YOUR TASK – The reply needs the lines from the one containing "Jüdische Bewohner der" through the end of the material, each repeated exactly, and no pictures.

SUPPLIED MATERIAL –
* * * *

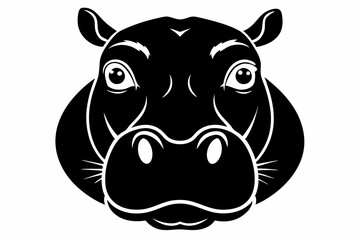 hippopotamus head line art silhouette vector illustration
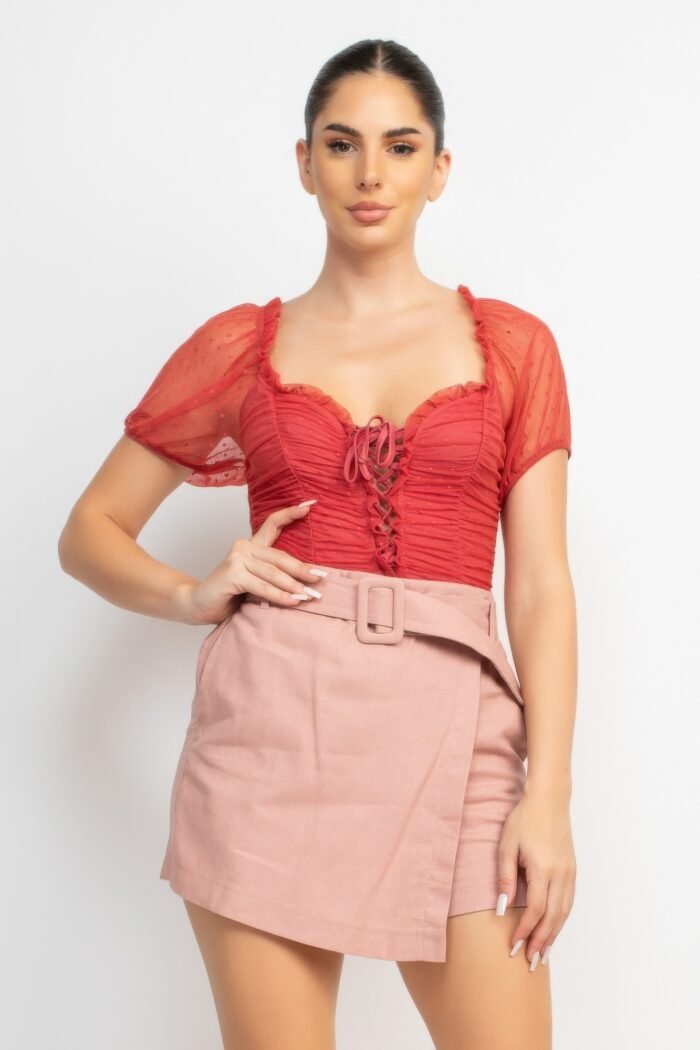 Shirred Mesh Sleeve Bodysuit - Image 12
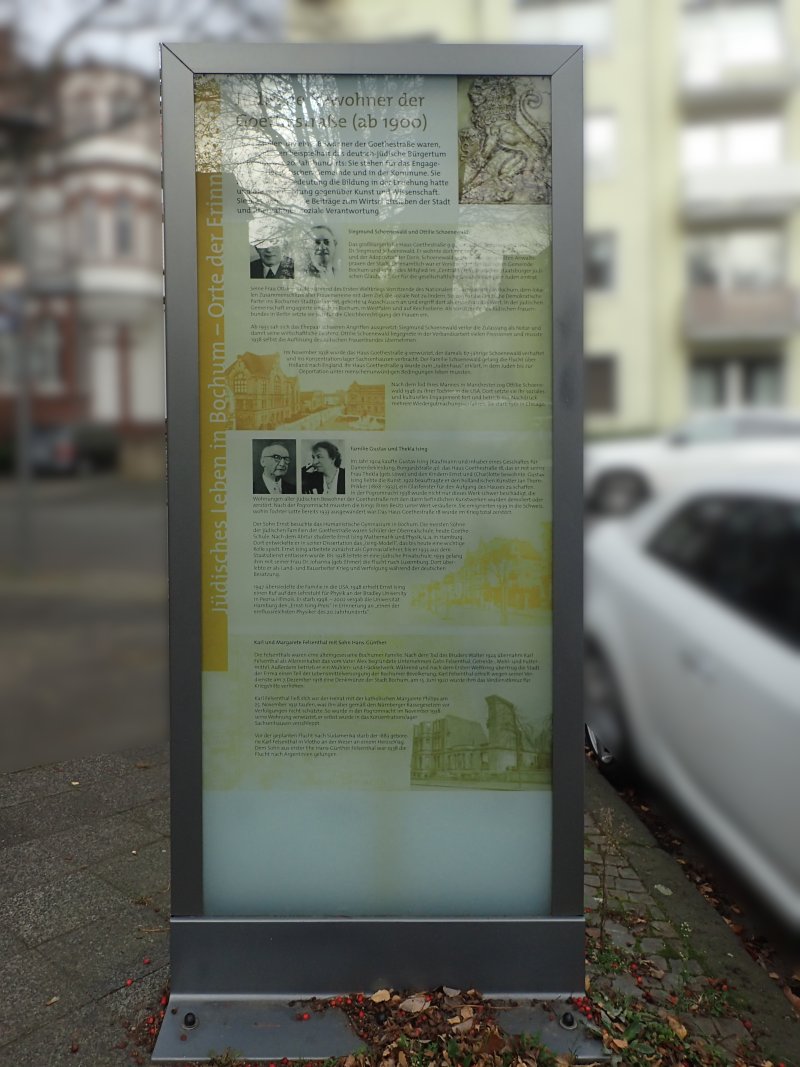 Jüdische Bewohner der Goethestraße Bochum (ab 1900)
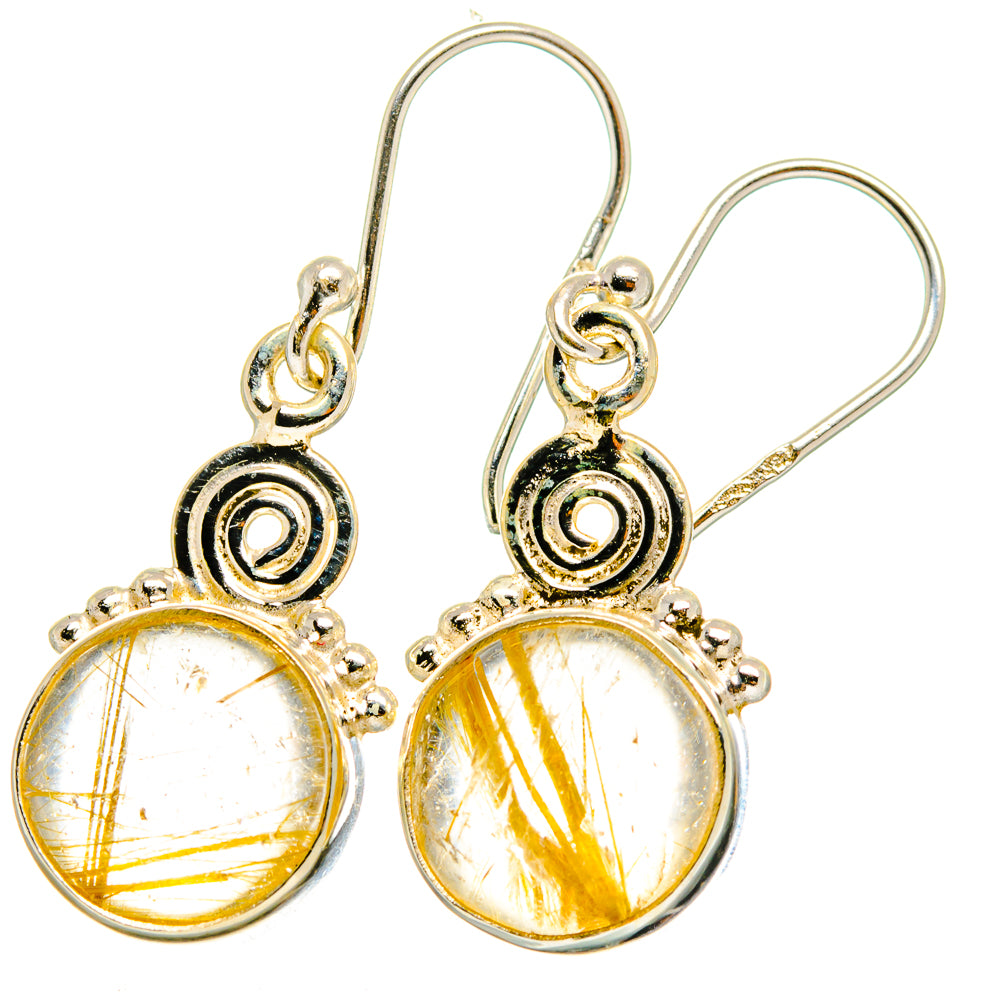 Rutilated Quartz Earrings handcrafted by Ana Silver Co - EARR421570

* * * *

SOLUTION TO THIS EXERCISE –
 Jüdische Bewohner der Goethestraße Bochum (ab 1900)
 Rutilated Quartz Earrings handcrafted by Ana Silver Co - EARR421570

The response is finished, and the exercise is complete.